Mobile World Congress Notebook

GSMA unveiled an “Open Gateway” initiative designed to “provide universal access to operator networks for developers.” Launched with the support of 21 mobile operators, the initiative is "a paradigm shift in the way the telecoms industry designs and delivers services in an API [application programmable interfaces] economy world,” GSMA said. Among signatories are AT&T, Verizon and T-Mobile parent DT. GSMA said several demonstrations of how the gateway works will be held at MWC, including “an immersive concert experience from Axiata, using [application programming interface] for Device Location, Carrier Billing and Authentication; a live ‘jam session’ from the 5G Future Forum with musicians around the world, supported by the Edge Site Selection API; and an immersive gaming, and high definition video showcase, from Orange, Telefonica, Vodafone and Ericsson/Vonage based on the Quality on Demand API.” The telecom network “is the last infrastructure frontier that was not available as code -- we are changing that paradigm,” Telefonica’s Alvarez-Pallete said. “By applying the concept of interconnection for operators to the API economy developers can utilize technology once, for services such as identity, cybersecurity or billing, but with the potential to be integrated with every operator worldwide,” Granryd said.

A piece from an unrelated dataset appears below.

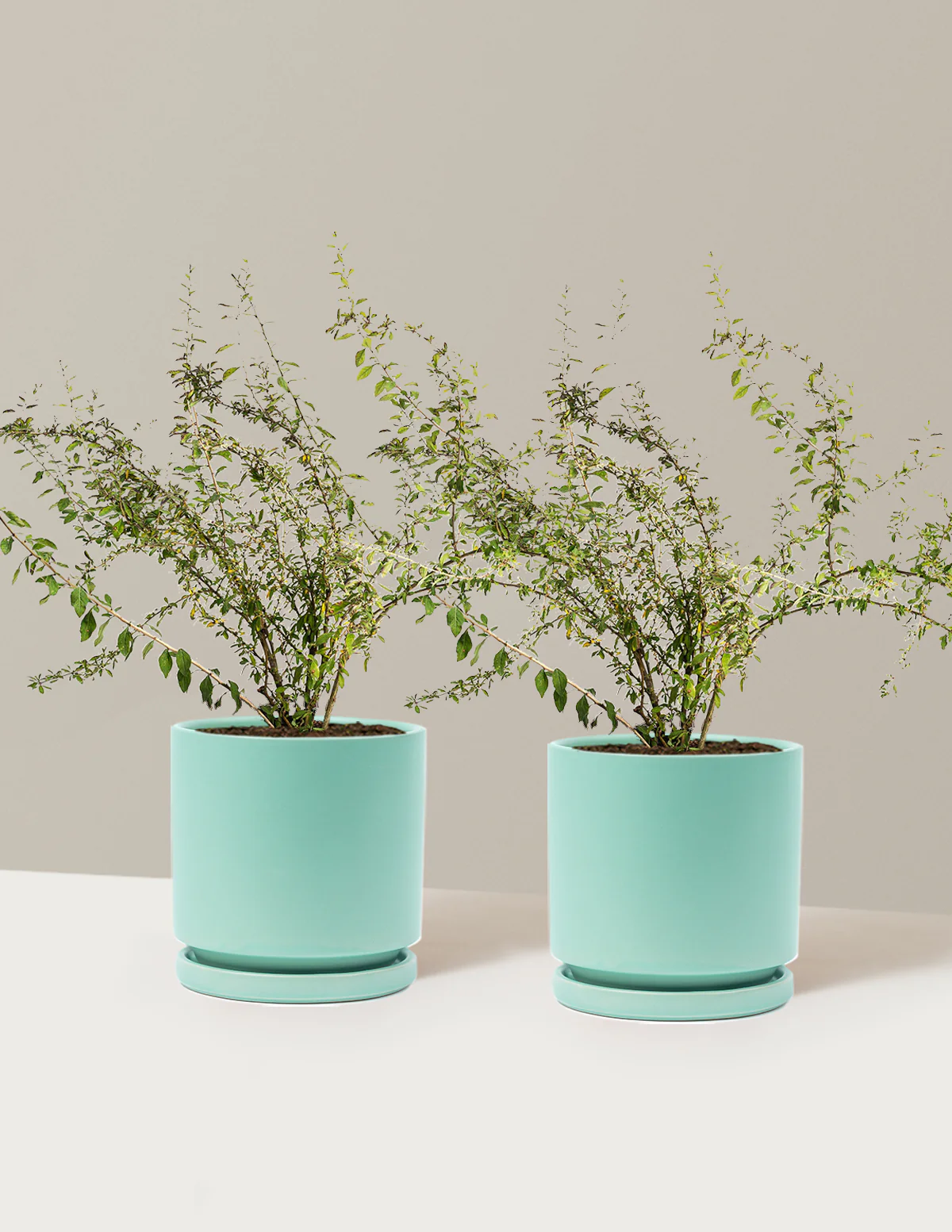 Goji Berry - Image 32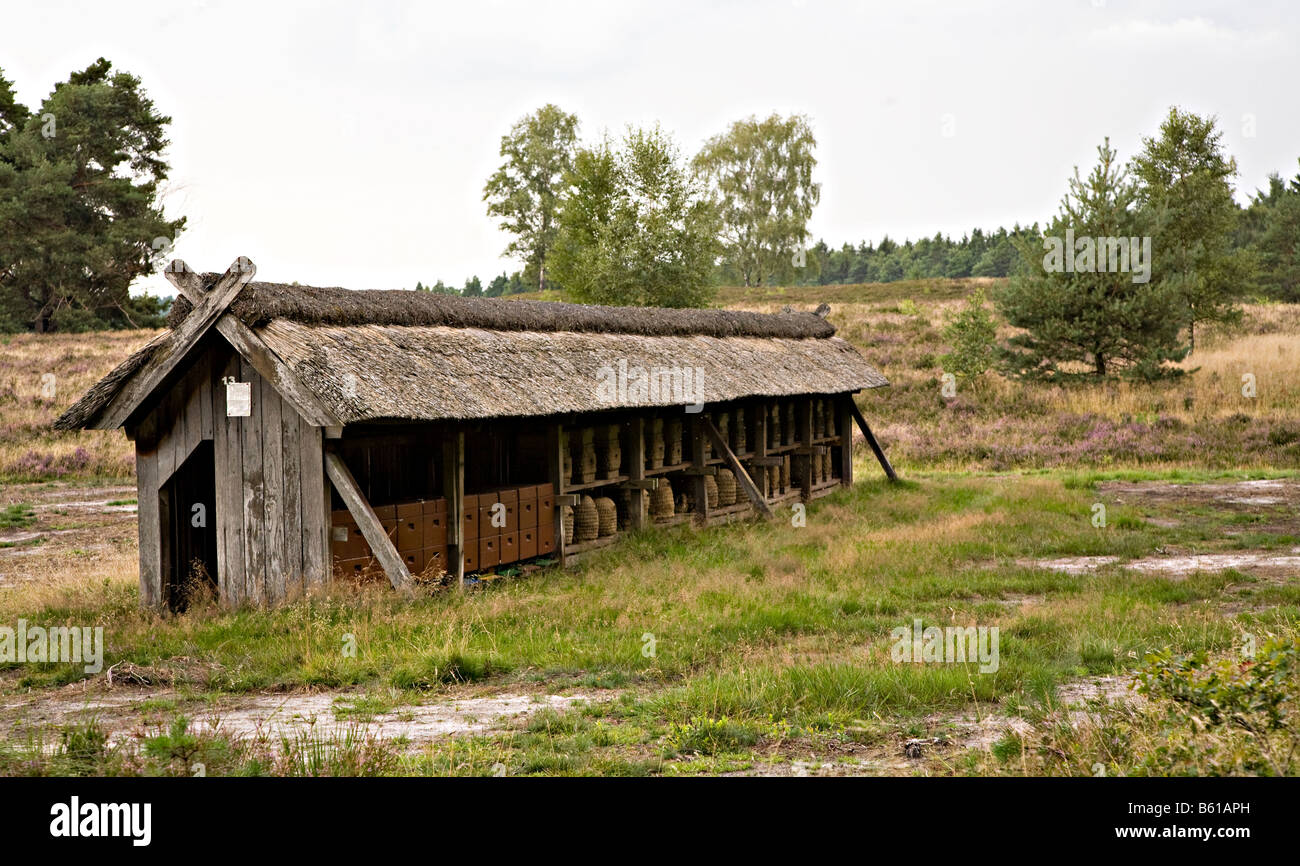 Beehives in the Luneburger heide near Luneburg Germany Stock Photo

GSMA published its annual Global Mobile Economy Report Monday, which predicts 5G will overtake 4G in 2029 “to become the dominant mobile technology, with 5G adoption at over 85% in the top 5G markets by 2030.” The report projects 5 billion 5G connections by the end of the decade, 1.5 billion by year-end. Most providers expect private wireless networks to generate as much as 20% of their total enterprise revenue, “driven by improvements in 5G capabilities.” The momentum of the metaverse “continues to grow, in tandem with advancements in enabling technologies like 5G, AI and wearables,” GSMA said.

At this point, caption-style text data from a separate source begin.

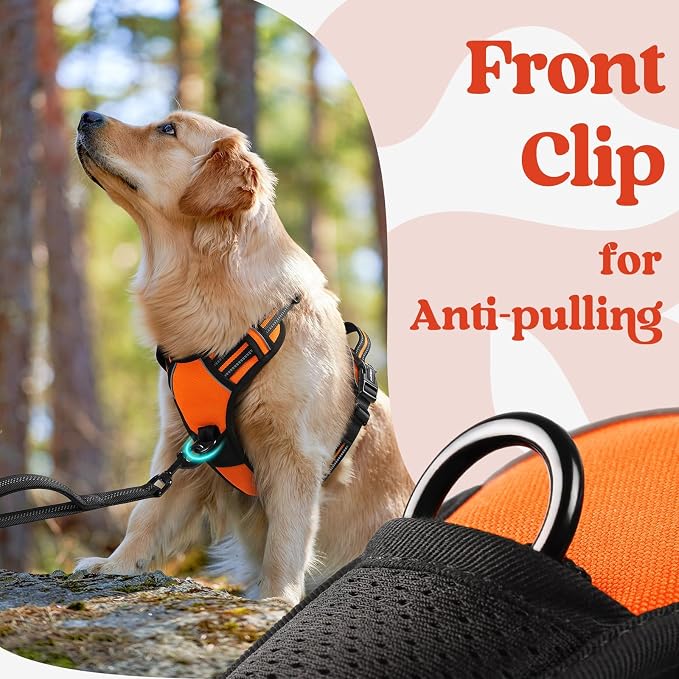 rabbitgoo Dog Harness Medium Sized, Updated Easy On & Off with 3 Buckles | No Pull No Choke, Walking with 2 Clips and Handle, Adjustable Soft Reflective, Orange, Medium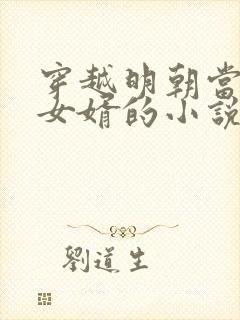 穿越明朝当朱棣女婿的小说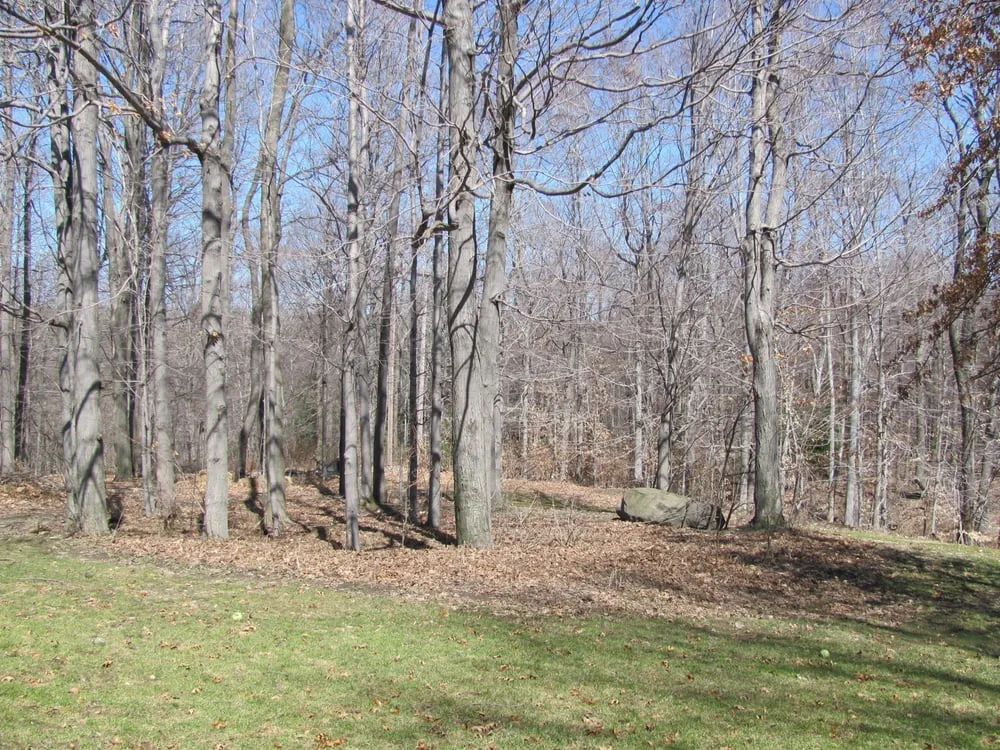 Reliable landscaping services in Girard, PA - Greenscape Lawn And Garden Service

Deutsche Telekom announced its first deployment of open radio access network technology with multiple partners. “For the next phase of its open RAN journey, Deutsche Telekom will partner with Nokia, Fujitsu and Mavenir among others for initial commercial deployments across its European footprint,” the provider said. Nokia and Fujitsu were chosen for an initial commercial ORAN introduction in Germany starting this year: “Customers in the Neubrandenburg area will receive 2G, 4G and 5G services from the deployment in the ‘brownfield’ network environment of Telekom Deutschland.” Mavenir has also been chosen as a partner for the initial multivendor deployment in DT’s European footprint, DT said. “We are committed to open RAN as the technology of choice for future networks and as a catalyst to take Europe forward in the digital era, so we are making it happen with partners,” said Claudia Nemat, board member-technology and innovation.

Cisco and Japan’s NTT announced plans to collaborate “to drive Private 5G adoption” in the automotive, logistics, healthcare, retail and public sectors. “NTT and Cisco plan to co-innovate and jointly bring to market the technology and managed services that will enable enterprise customers to deploy Private 5G successfully and achieve better business outcomes,” the company said.